A cor usada para pintar os pilares do Minhocão, uma mescla de cinza e bege, foi definida por urbanistas e grafiteiros ouvidos pelo R7 como "cinza repartição pública”, “cinza delegacia de policia” e “cinza piscinão”, uma referência às obras antienchentes.
"Luta inglória"
O grafiteiro Gego pondera, contudo, que os grafites já nasceram com a certeza de que poderiam ser cobertos com camadas de tinta a qualquer momento. A “sacanagem”, para ele, é destruir trabalhos de artistas que tiraram dinheiro do próprio bolso para colorir uma cidade “concretada”.
- Grafite não é mural e não nem data e nem hora para sumir. Ele é efêmero por natureza, principalmente aqueles que não tiveram autorização da prefeitura.
Para o grafiteiro Thiago Mundano, a pintura cinza é uma "maquiagem superficial”.
- É evidente que a área do Minhocão está degradada, mas gastar quase um milhão em uma reforma pra apagar os grafites e aplicar um verniz protetor em uma obra que está condenada à demolição é um absurdo. É apenas maquiagem pra deixar a cidade com cara de mais limpa. Porque não gastar esse dinheiro para dar melhor qualidade de vida pra centenas de pessoas que vivem embaixo do Minhocão?
No ano passado, o prefeito Gilberto Kassab (DEM) defendeu que o elevado fosse demolido como forma de revitalizar a região.

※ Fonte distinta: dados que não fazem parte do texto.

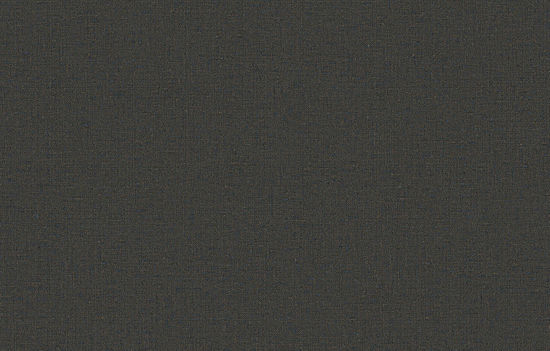 Picture of CH3012 BOUCLE PRUSSIA AQUARAMA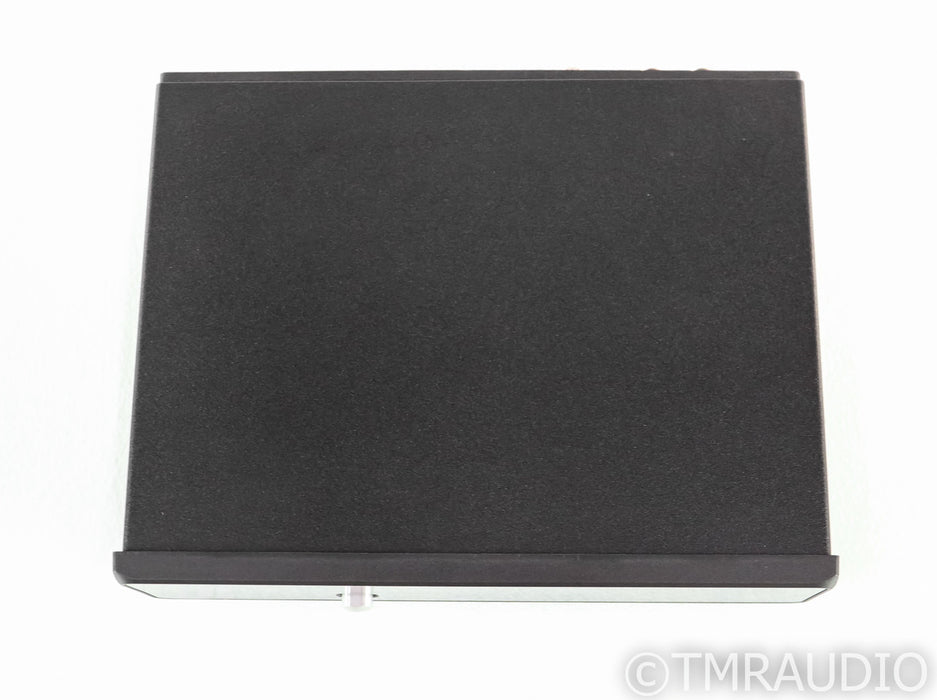Rega Fono MM MkII Phono Preamplifier; Moving Magnet; Mark 2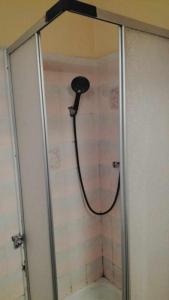 Louer Appartement 43 m2 Blois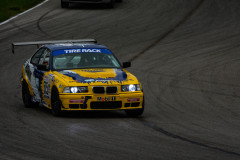 Champcar_MidOhio_9-9-23-265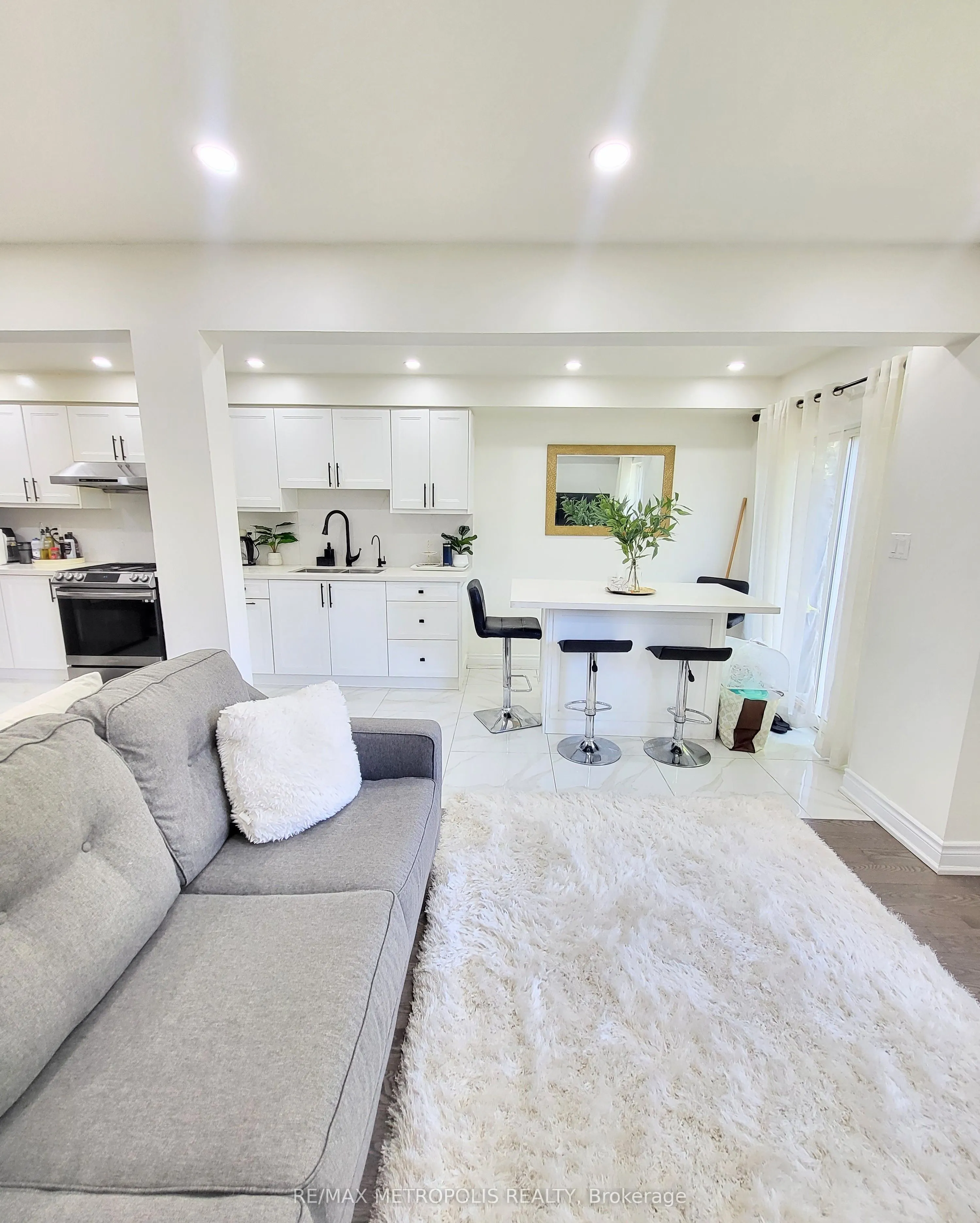 435 Middlefield Road #12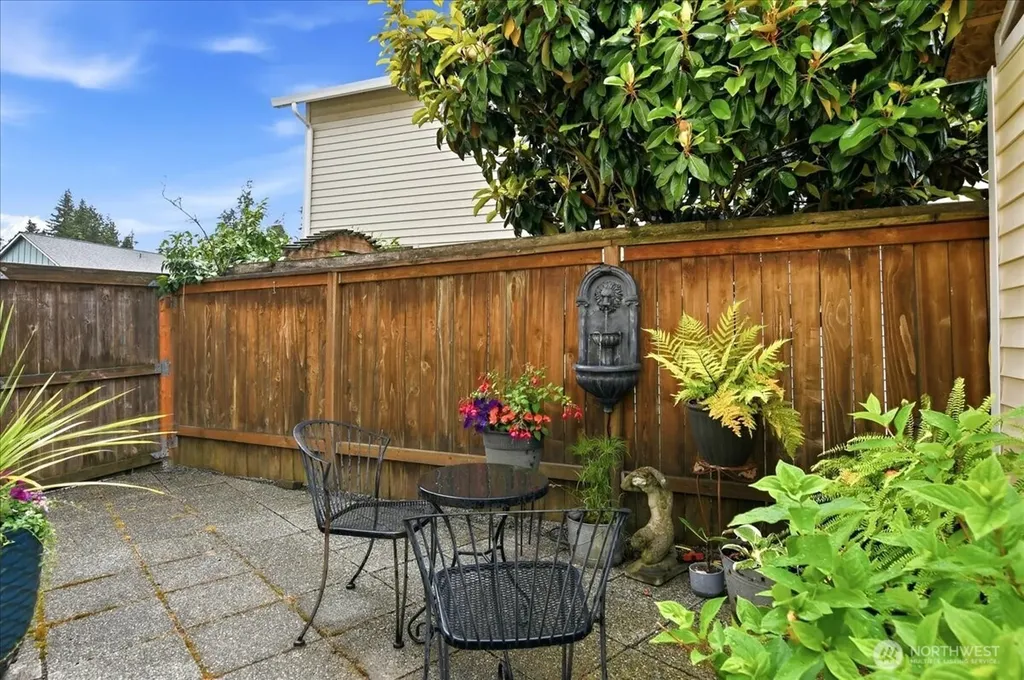 2417 NE 107th Street Vancouver WA 98686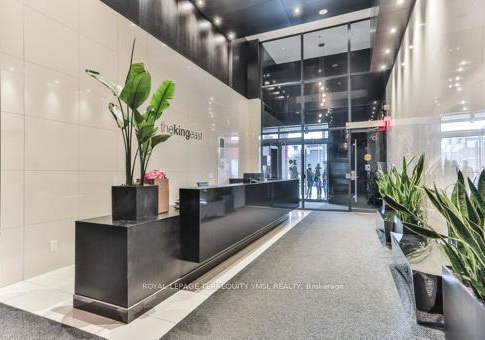 318-king-street-e-toronto-ontario-c13435054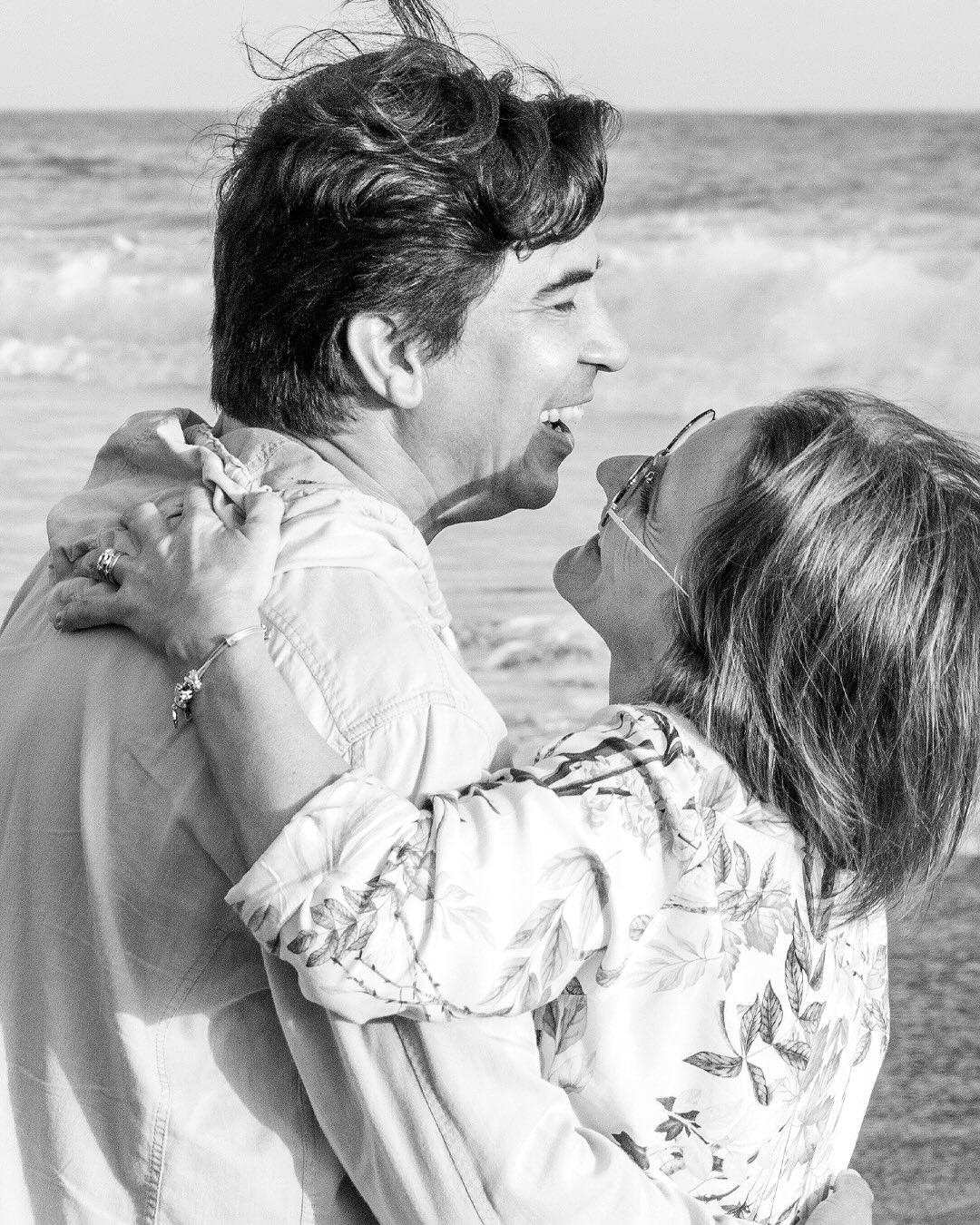 Shooting famille par Aurélie Rivière, photographe professionnelle à l'Ile de la Réunion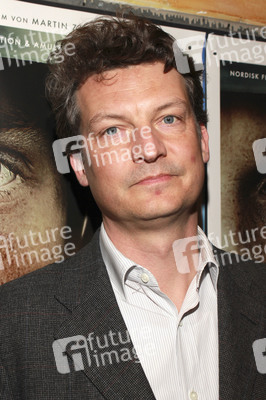 Filmpremiere 'Unter dem Sand' in Hamburg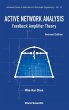 ACTIVE NETWORK ANALYSIS (2ND ED) - Bild 1
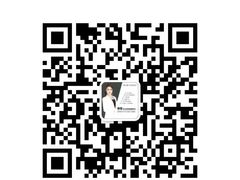 -天津大学爱尔眼科医院(天津院区)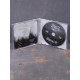 Morker - Skuggornas Rike CD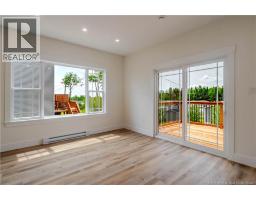 113 Glennorth Street, photo 16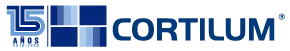 logo cortinas y persianas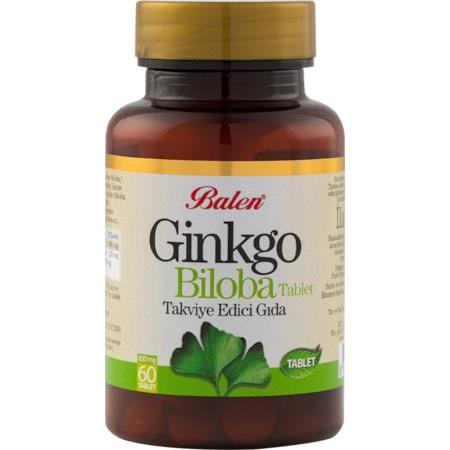 balen-ginkgo-biloba-600-mg-60-tablet-9756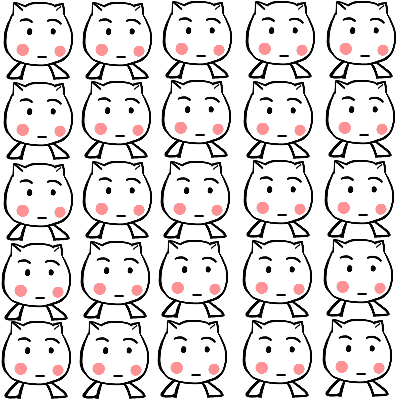 头摇起来（头摇起来）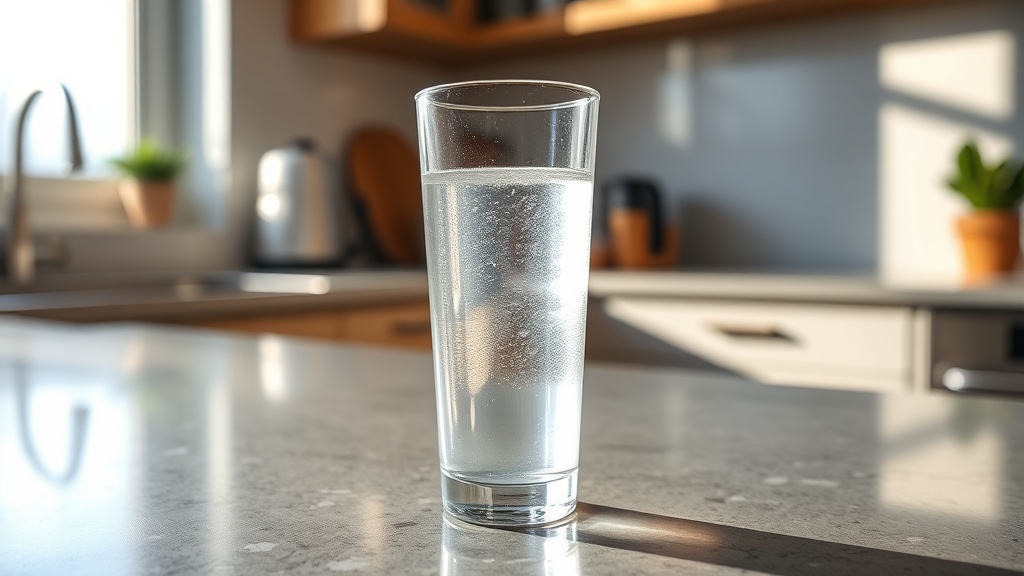 요습관 관련 이미지 4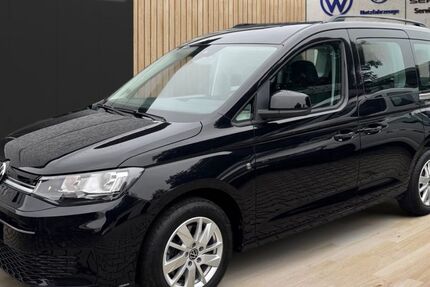 VW Caddy 69.890 km 21.990 &euro; Friedrichshafen 88046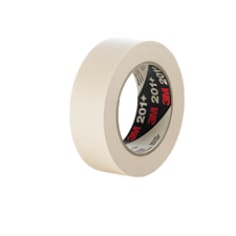 3M(TM) General Use masking Tape 201+ - Masking Made Simple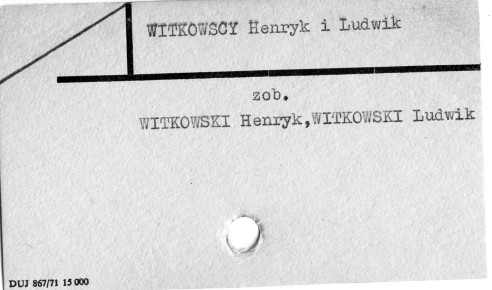 0129-0212.jpg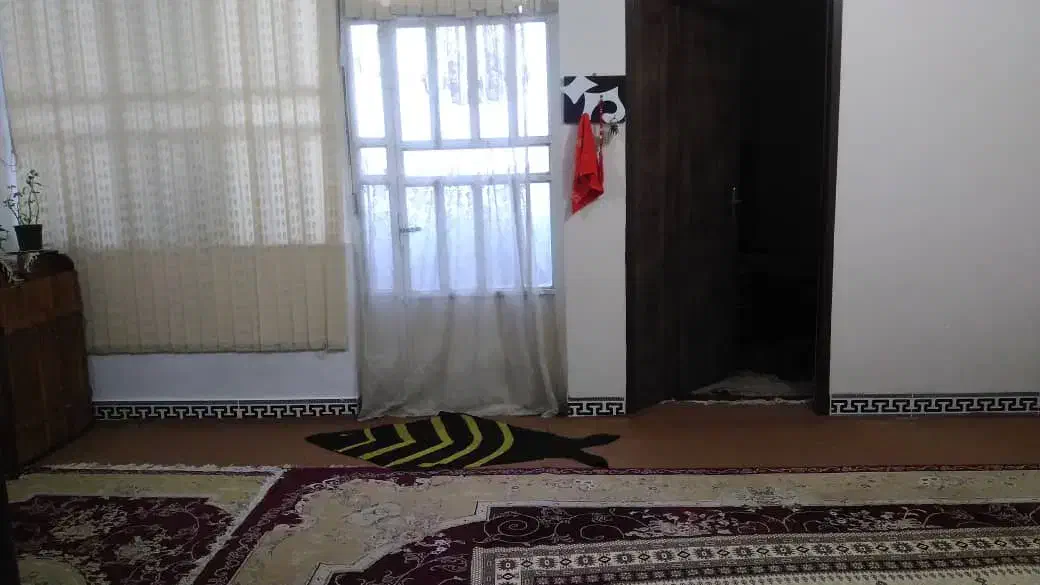رهن و اجاره شهرک سلطان آباد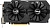 Видеокарта ASUS Geforce GTX 1050TI 4GB GDDR5 [ROG STRIX-GTX1050TI-4G-GAMING]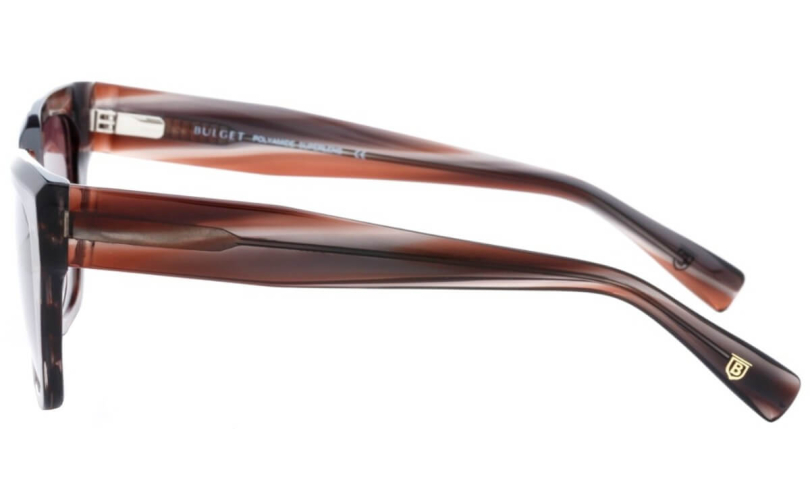 BULGET BG9270 - E01 - 2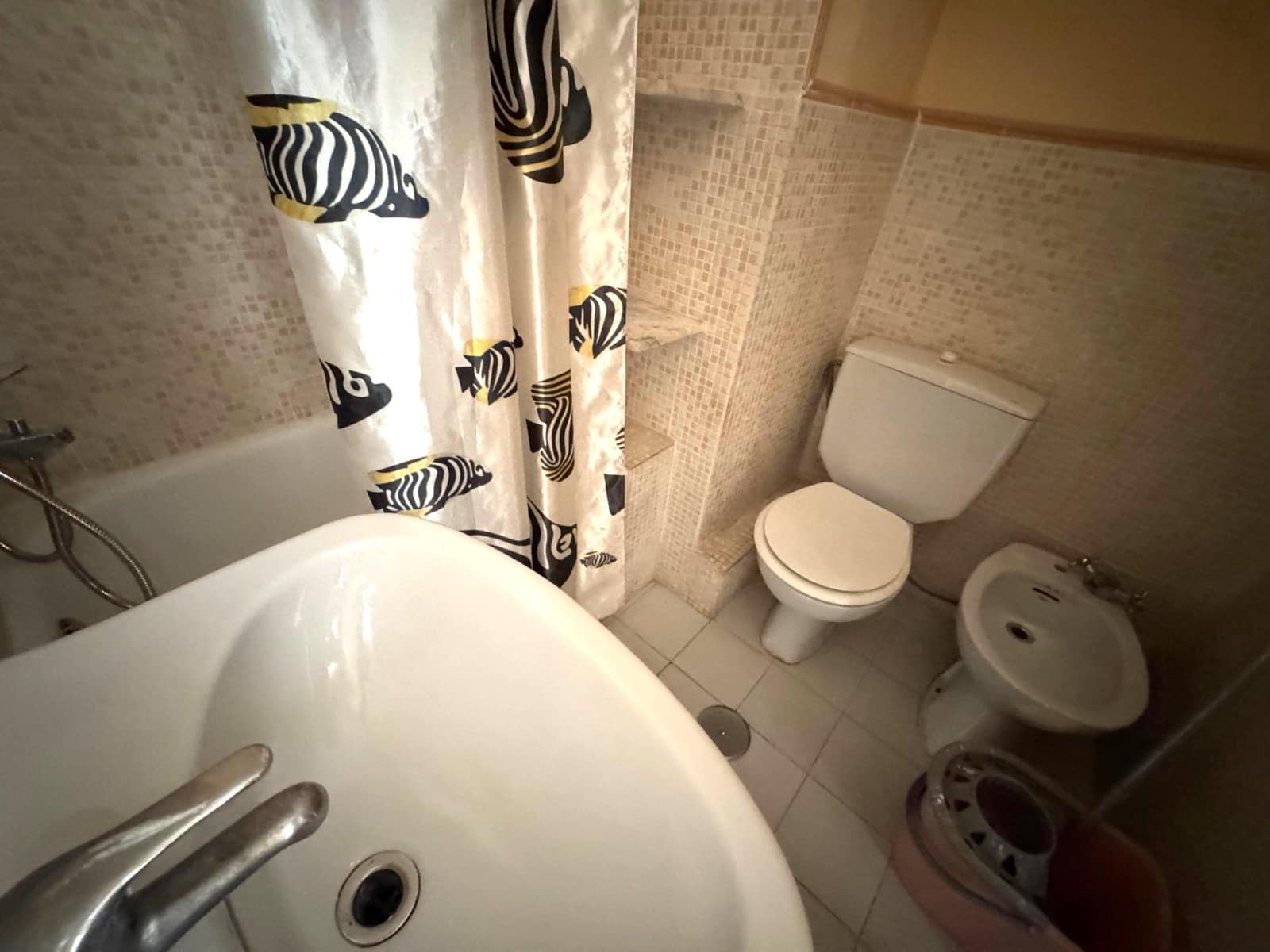 3 soverom Leilighet til salgs i Punta Umbria - € 229 900 (Ref: 9456599)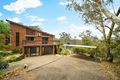 Property photo of 66 Severne Street Greenleigh NSW 2620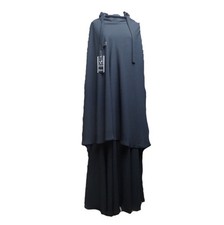 Khimar Niqap Burka Chador mit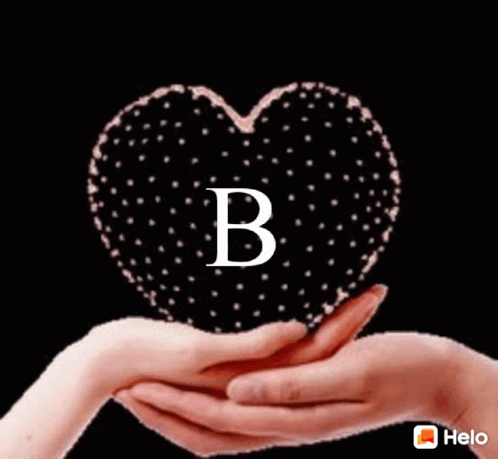 letter-b-heart.gif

Antes da pintura geral, Mundano conta que foram apagadas apenas frases de protesto abaixo das ilustrações que fez em dois pilares.
- A prefeitura vem censurando minhas frases de protesto pela cidade. Deixam o personagem e apagam o texto. Se a prefeitura entende a identidade da cidade como feia e pálida, então a ação recente de pintura está no caminho certo.
Na opinião do urbanista e coordenador da faculdade de Arquitetura de FAAP (Fundação Armando Alvares Penteado), José Renato Kehl, banir o grafite é "uma luta inglória". A ação também é definida por ele como uma forma de higienizar o espaço público.
- A cidade não tem dono. Ela é uma criação coletiva. Em vez de cobrir de tinta, porque não criar mecanismos para fazer que essa participação interessante para todos?